Lost in Connah's Quay, I could not find the cycle route to the new bridge over
the River Dee. I knocked on the last door of a line of three houses just north
of the town. I explained what I was looking for and the reply was "you're
not the bloke with the Robin on the front of your bike are you?"
Now
you know where I got the title for this book from.
“Yes, I am.” Out rushed the gentleman at the door to check that indeed I was.
“You are! You're the man with the Robin on his bike.” Satisfied that I was he,
I was invited in and after a two hour tour of the garden, being shown around a
garden full of aviaries containing a lot of different birds of prey and owls,
was given lots of water and squash. That is how I met Steve Dewsnap and his
wife, Margaret. Steve had been on the internet the just night before to look up
ospreys and had seen my photo at Glaswyn on their blog. Uncanny coincidence or
what?
The reason for all the birds in cages was due to the fact that Steve runs a rescue centre for birds of prey. His work is part of an organisation called Raptor Rescue and Steve gives educational talks calling themselves Rockcliffe raptors. A wonderful man with a wonderful family and still a good friend.
Speaking of the Robin though, £63.32 from the Robin on the front of the bike
went to the RSPB at Inner marsh later that day. Brilliant. In fact I still need
to talk about the fabulous group of people I met at Inner Marsh Farm RSPB
reserve. After leaving Steve and Margaret, and having found the bridge I
was after, crossing the large, impressive, white cable stay bridge called The
Flintshire Bridge.
Now if one wants to see one of the most impressive cable-stay bridges in the world then visit Patras in Greece and take the bridge there to get over to Delphi, the Rion-Antirion. Being the world's largest and longest cable stay bridge, built in 2004, at over two kilometres in length it makes a magnificent view and indeed when I went there in 2011, it saved me a lot of time getting over to the Peloponnese instead of the very long route via Athens.

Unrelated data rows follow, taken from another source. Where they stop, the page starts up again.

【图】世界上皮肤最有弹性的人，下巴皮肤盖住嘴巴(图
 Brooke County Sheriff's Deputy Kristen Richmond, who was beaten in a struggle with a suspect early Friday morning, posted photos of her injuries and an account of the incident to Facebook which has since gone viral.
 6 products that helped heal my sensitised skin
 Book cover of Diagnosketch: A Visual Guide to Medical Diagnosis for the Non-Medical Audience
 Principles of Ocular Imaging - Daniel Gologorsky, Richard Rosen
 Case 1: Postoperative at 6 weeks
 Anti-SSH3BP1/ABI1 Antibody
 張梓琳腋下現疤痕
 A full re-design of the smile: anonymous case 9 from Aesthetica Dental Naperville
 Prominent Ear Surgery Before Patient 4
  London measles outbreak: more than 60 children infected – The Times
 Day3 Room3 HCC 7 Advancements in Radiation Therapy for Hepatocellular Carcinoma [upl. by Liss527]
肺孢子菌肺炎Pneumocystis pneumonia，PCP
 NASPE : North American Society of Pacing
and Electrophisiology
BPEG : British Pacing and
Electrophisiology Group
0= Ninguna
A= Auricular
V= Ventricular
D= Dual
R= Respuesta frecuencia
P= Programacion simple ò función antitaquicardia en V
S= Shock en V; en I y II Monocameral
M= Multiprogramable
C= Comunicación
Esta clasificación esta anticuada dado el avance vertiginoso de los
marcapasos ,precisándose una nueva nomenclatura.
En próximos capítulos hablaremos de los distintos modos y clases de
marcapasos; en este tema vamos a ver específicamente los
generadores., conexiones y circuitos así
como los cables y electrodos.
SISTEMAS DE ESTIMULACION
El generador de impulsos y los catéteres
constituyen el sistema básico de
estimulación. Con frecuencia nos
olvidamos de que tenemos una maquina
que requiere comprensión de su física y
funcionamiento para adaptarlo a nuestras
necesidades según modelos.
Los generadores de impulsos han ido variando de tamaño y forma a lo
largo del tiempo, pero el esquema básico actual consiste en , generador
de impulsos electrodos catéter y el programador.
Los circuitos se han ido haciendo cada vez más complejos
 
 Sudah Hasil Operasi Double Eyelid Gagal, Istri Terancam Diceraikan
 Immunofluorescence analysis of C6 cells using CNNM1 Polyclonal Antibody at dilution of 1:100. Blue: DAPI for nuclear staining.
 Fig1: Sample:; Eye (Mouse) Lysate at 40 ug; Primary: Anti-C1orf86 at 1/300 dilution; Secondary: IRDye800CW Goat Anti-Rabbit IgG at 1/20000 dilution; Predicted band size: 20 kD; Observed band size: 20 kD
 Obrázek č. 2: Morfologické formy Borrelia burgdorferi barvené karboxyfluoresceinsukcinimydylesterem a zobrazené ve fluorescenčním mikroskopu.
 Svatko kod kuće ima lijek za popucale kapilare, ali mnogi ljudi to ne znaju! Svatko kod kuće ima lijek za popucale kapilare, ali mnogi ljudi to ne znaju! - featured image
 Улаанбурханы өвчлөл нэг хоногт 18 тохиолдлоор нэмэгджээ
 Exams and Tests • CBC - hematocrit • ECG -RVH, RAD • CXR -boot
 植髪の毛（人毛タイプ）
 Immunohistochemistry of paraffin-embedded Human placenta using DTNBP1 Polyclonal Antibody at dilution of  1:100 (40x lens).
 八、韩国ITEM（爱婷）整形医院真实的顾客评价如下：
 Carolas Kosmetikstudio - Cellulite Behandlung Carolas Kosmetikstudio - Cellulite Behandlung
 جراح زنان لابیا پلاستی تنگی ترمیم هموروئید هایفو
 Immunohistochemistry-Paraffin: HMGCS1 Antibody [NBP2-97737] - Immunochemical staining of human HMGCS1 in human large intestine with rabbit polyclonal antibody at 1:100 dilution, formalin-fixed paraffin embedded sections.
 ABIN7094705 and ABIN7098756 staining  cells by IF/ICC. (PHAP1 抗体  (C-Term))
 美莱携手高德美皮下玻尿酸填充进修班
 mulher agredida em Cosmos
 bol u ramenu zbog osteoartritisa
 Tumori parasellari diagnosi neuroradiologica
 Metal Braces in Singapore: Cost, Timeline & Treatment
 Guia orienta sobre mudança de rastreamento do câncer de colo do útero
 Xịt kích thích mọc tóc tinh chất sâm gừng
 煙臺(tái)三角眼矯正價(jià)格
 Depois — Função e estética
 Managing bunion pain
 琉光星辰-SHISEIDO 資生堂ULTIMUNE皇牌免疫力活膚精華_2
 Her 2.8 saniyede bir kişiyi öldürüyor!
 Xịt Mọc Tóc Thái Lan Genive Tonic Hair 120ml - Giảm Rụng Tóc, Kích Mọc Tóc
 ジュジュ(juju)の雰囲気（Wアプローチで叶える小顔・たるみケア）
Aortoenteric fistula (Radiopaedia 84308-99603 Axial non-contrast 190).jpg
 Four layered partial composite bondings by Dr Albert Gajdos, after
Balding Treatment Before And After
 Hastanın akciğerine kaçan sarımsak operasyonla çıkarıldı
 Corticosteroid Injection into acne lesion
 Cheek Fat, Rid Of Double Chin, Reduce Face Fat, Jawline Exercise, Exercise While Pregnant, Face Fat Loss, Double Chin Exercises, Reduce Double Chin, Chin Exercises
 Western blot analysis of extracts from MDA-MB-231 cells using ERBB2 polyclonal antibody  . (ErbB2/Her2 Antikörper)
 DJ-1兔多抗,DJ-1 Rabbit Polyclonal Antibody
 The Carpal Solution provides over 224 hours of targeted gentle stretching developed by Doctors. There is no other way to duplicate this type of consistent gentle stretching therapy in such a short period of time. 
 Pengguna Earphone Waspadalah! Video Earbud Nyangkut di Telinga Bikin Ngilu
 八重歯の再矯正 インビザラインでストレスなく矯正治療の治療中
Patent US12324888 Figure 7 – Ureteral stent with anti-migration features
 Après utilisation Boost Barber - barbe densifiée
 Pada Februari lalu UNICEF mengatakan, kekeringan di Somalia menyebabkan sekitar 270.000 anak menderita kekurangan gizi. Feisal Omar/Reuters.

I found my way to the RSPB reserve via field edges and over pathways whilst
trying to cut the corner. Actually I probably went further via all of the toing
and froing across farmland than if I had stuck to the country lanes from
Queensferry to Burton. Mind you I did enjoy seeing the River Dee and also
getting views of my old clock, Shotton Steel Works.
Let
me explain.
From
1974 to 1977 I was at Chester College, about ten miles or so from the
steelworks. I could however see from my bedroom/study window the steelworks
quite well against the backdrop of the Welsh hills. Every twenty minutes a
train carrying coal would enter a furnace. What a job that driver had, for no
automated trains in those far off days! On leaving the furnace the now burning
coal was taken under a tower full of cold water and as the water was released its
conversion to steam, as it hit the hot coals, was extremely effective as a huge
cloud of water vapour would rise high in the sky; easily visible to me ten
miles away. How do I know that this process was going on? Well, a college trip
to diversify we poorly educated students included a visit to the steelworks. In
fact we had quite regular trips that had nothing to do with the course and I
remember this one so much. Massive lengths of flattened steel speeding down
conveyor belts before being turned to make immense coils and the blast furnaces
with molten iron being poured out. Dante's Hell for all to see.
I finally arrived at the reserve late afternoon, had a look around the western edge of the reserve with its hides and birds, including Yellow Wagtail [194] before setting up the tent on the garden lawn. Peaceful sleep after a long and eventful day, came easily.